Hint: Given, the line joining the point $(2,5, - 7)$ and $( - 3, - 1,8)$. We have to find the coordinate of the point which is the intersection point of the line joining the point $(2,5, - 7)$ and $( - 3, - 1,8)$ and the y-z plane.
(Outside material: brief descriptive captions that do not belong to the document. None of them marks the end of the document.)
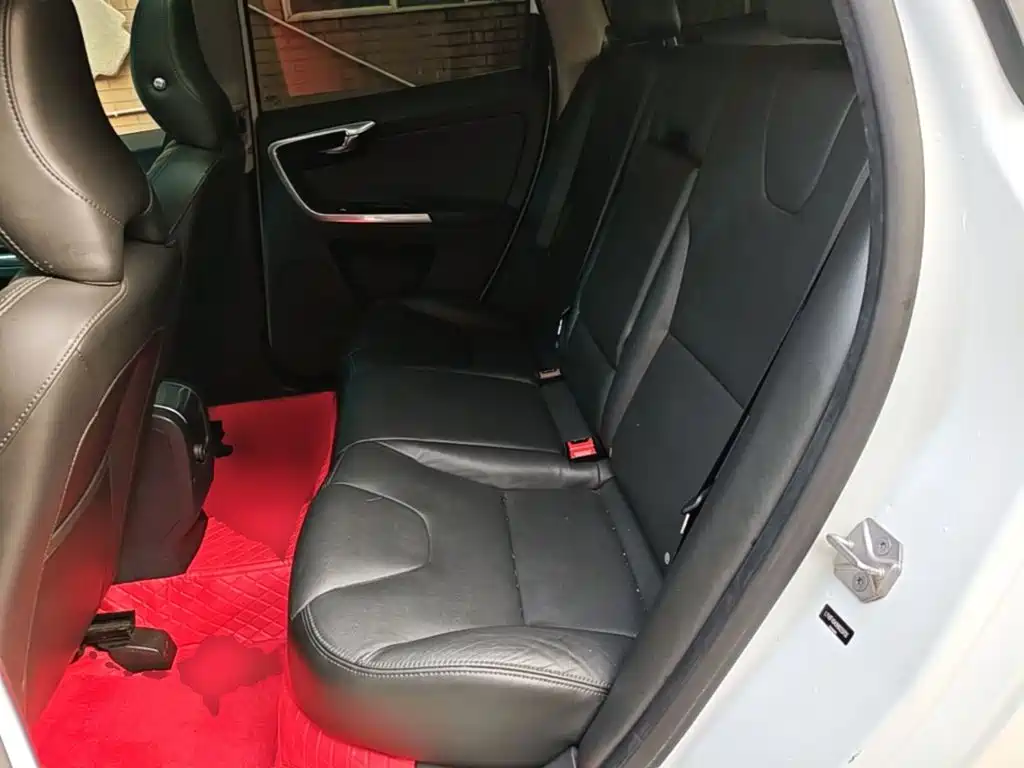 Volvo XC60 — миниатюра 17
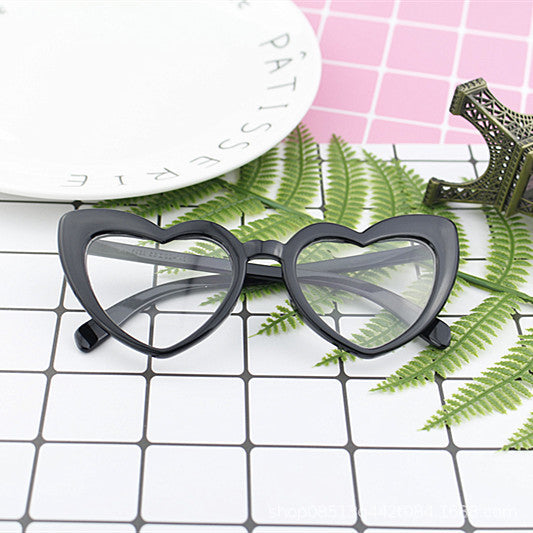 Women's Heart-Shaped Sunglasses with High-Quality UV Protection and Stylish Design Bowlift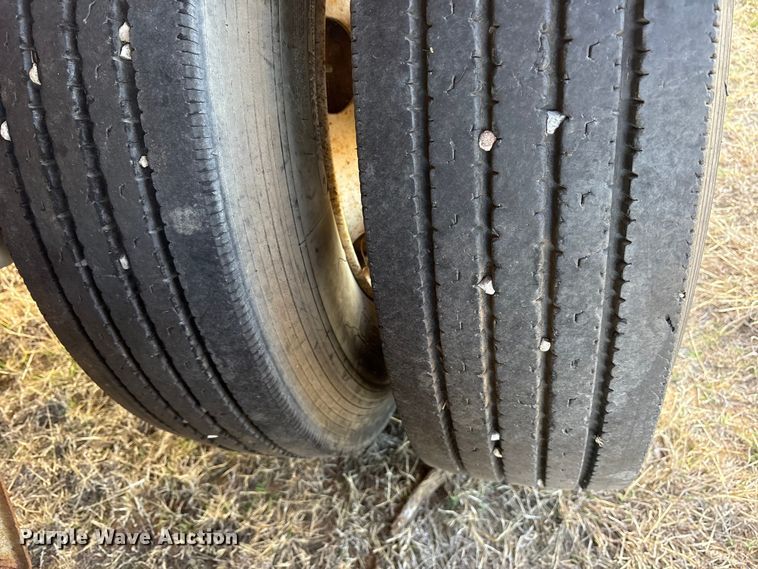 image for item ET7486 1975 Fruehauf pneumatic dry bulk trailer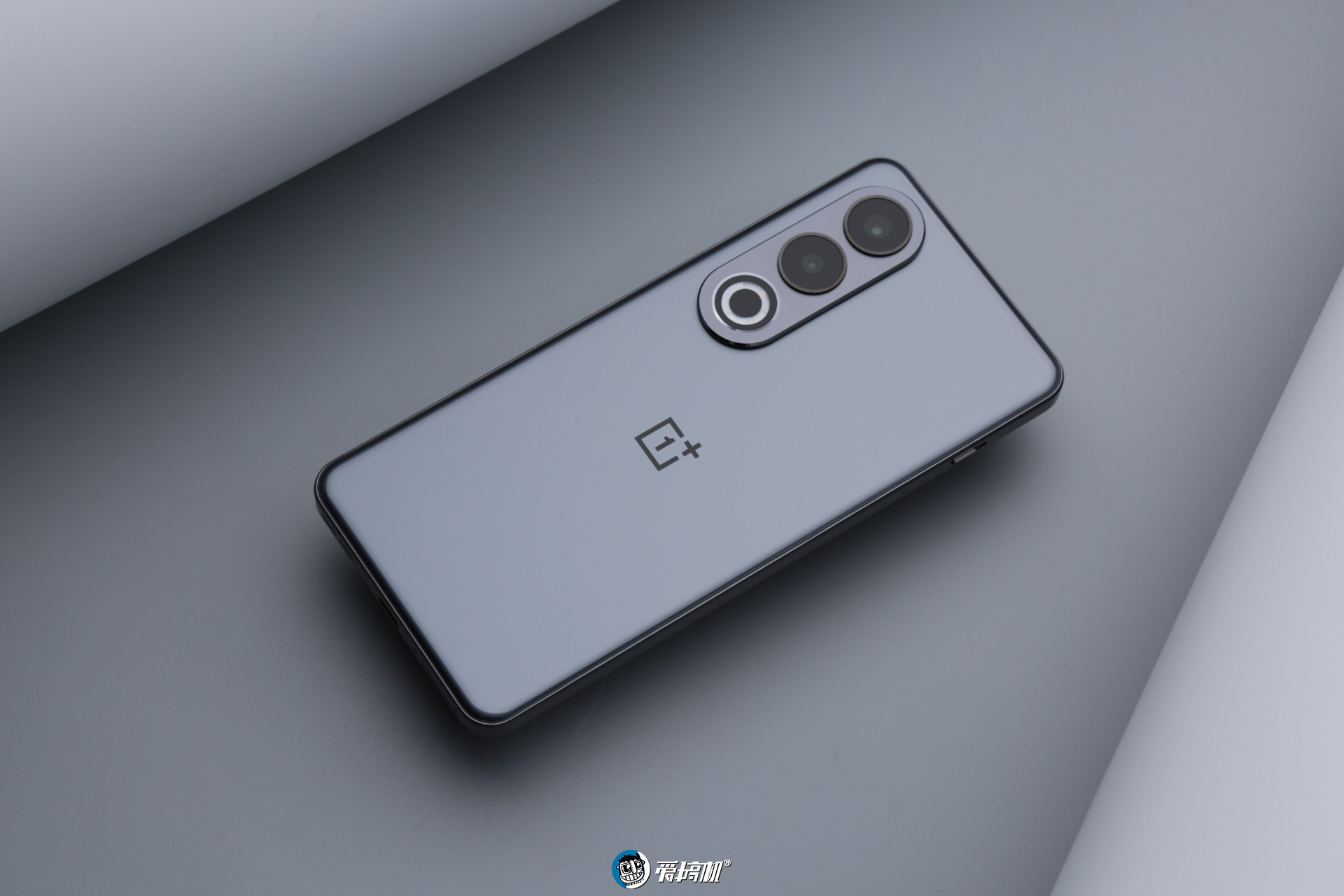 重回1999,一加Ace 3V评测:骁龙7+ Gen 3配1.5K直屏+LYT600主摄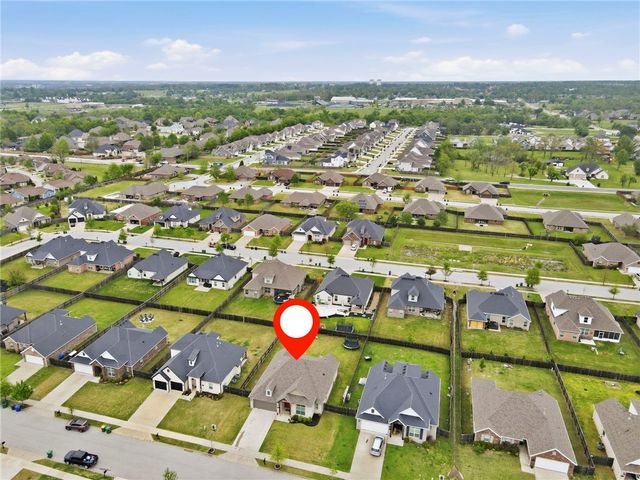 2015 W Broadway Place, Rogers, AR 72758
First, we will find the equation of the line and then use the concept that when the line intersects the y-z plane x-coordinate is zero to find the coordinates points.

Formula used:
Equation of line joining two points $\dfrac{{x - {x_1}}}{{{x_2} - {x_1}}} = \dfrac{{y - {y_1}}}{{{y_2} - {y_1}}} = \dfrac{{z - {z_1}}}{{{z_2} - {z_1}}}$

Complete step by step solution:
Given, the line joining the point $(2,5, - 7)$ and $( - 3, - 1,8)$.
Equation of line joining two points $\dfrac{{x - {x_1}}}{{{x_2} - {x_1}}} = \dfrac{{y - {y_1}}}{{{y_2} - {y_1}}} = \dfrac{{z - {z_1}}}{{{z_2} - {z_1}}}$
So, using the above formula
$\dfrac{{x - 2}}{-5} = \dfrac{{y - 5}}{-6} = \dfrac{{z + 7}}{{15}}$
Multiplying by -1,
$\dfrac{{x - 2}}{5} = \dfrac{{y - 5}}{6} = \dfrac{{z + 7}}{{ - 15}}$
When the line meets y-z plane
$ \Rightarrow x = 0$
$ \Rightarrow \dfrac{{ - 2}}{5} = \dfrac{{y - 5}}{6} = \dfrac{{z + 7}}{{ - 15}}$
Comparing first two
$\dfrac{{ - 2}}{5} = \dfrac{{y - 5}}{6}$
Cross multiplying
$ - 2 \times 6 = 5(y - 5)$
After solving
$ - 12 = 5y - 25$
Shifting variable on one side and constant on other
$5y = - 12 + 25$
$5y = 13$
Dividing both sides by 5
$y = \dfrac{{13}}{5}$
Comparing last two
$\dfrac{{ - 2}}{5} = \dfrac{{z + 7}}{{ - 15}}$
Cross multiplying
$30 = 5z + 35$
Shifting variable on one side and constant on other
$5z = - 35 + 30$
$5z = - 5$
Dividing both sides by 5
$z = - 1$
Hence, $(x,y,z) = (0,\dfrac{{13}}{5}, - 1)$

So, option (A) is the correct answer.

Note: Students should find the equation of the line correctly so that they can do further calculations correctly. And should understand the concept that when a line intersects the y-z plane means x-coordinate is zero. This will help to find the value of y and z. They should pay attention to every detail while solving question.